▶ _Work required_: The result should be the full listing copied exactly, with no pictures in it.

▶ _Dataset excerpt_:
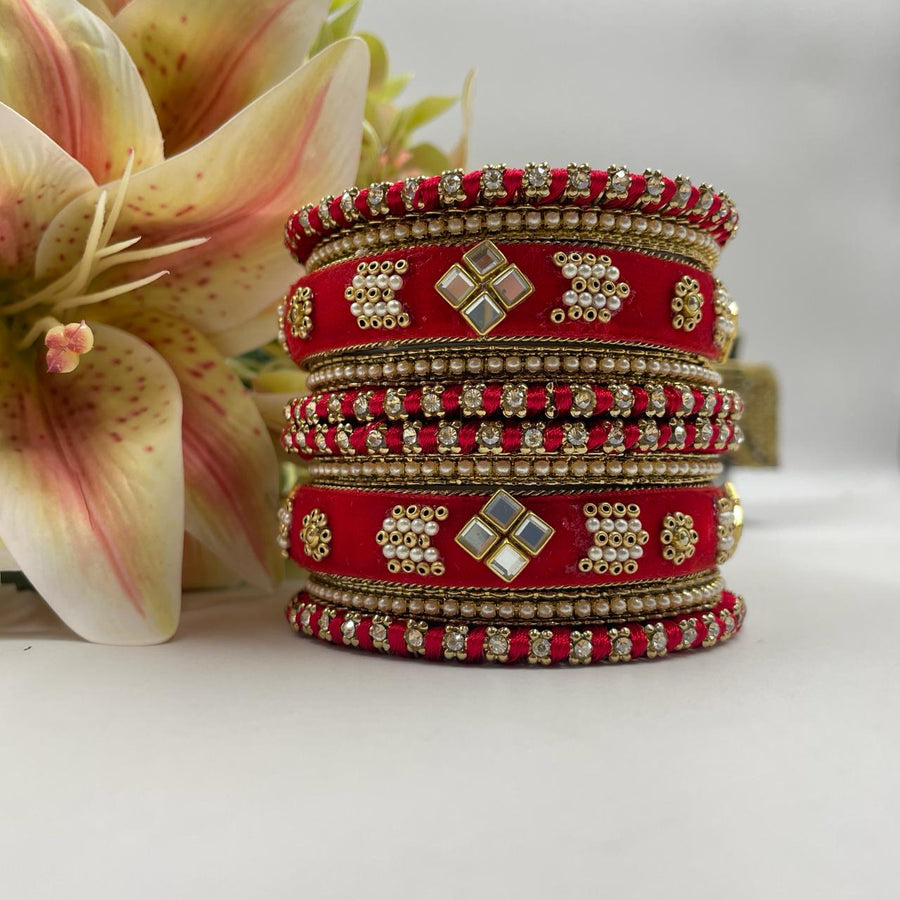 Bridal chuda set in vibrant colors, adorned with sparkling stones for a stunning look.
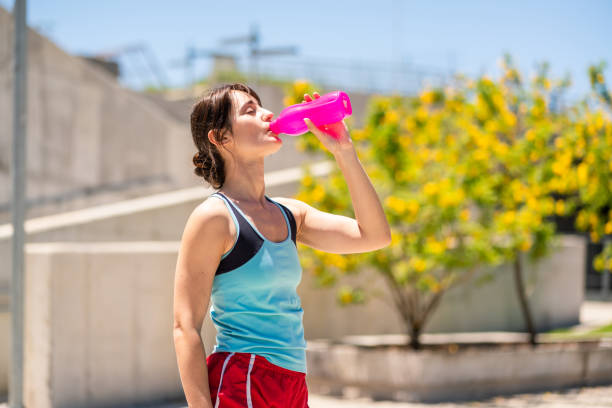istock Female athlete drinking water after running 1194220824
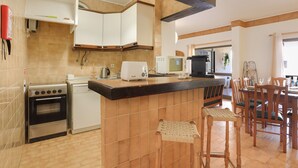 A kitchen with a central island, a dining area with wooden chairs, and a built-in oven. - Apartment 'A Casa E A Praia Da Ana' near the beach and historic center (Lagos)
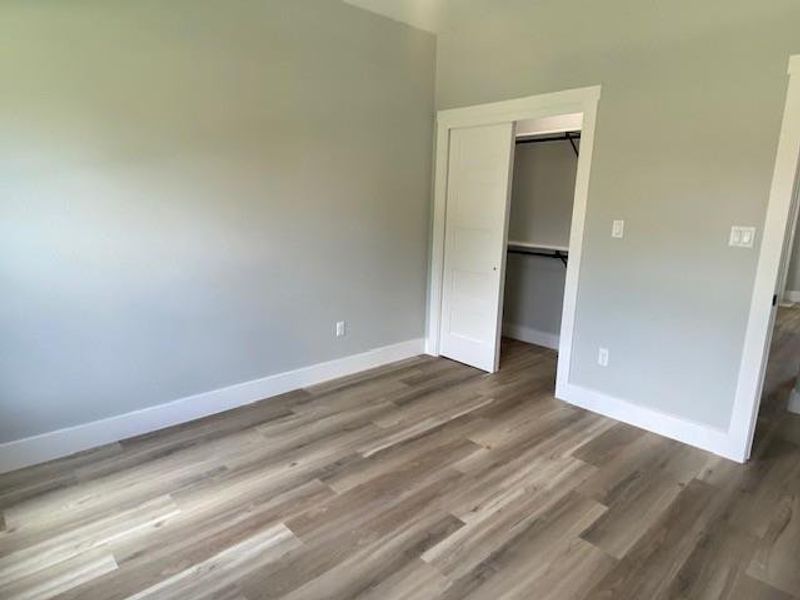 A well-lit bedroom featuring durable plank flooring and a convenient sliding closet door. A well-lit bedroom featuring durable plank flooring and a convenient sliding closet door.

▶ _Result for this exercise_:
 Bridal chuda set in vibrant colors, adorned with sparkling stones for a stunning look.
istock Female athlete drinking water after running 1194220824
 A kitchen with a central island, a dining area with wooden chairs, and a built-in oven. - Apartment 'A Casa E A Praia Da Ana' near the beach and historic center (Lagos)
 A well-lit bedroom featuring durable plank flooring and a convenient sliding closet door. A well-lit bedroom featuring durable plank flooring and a convenient sliding closet door.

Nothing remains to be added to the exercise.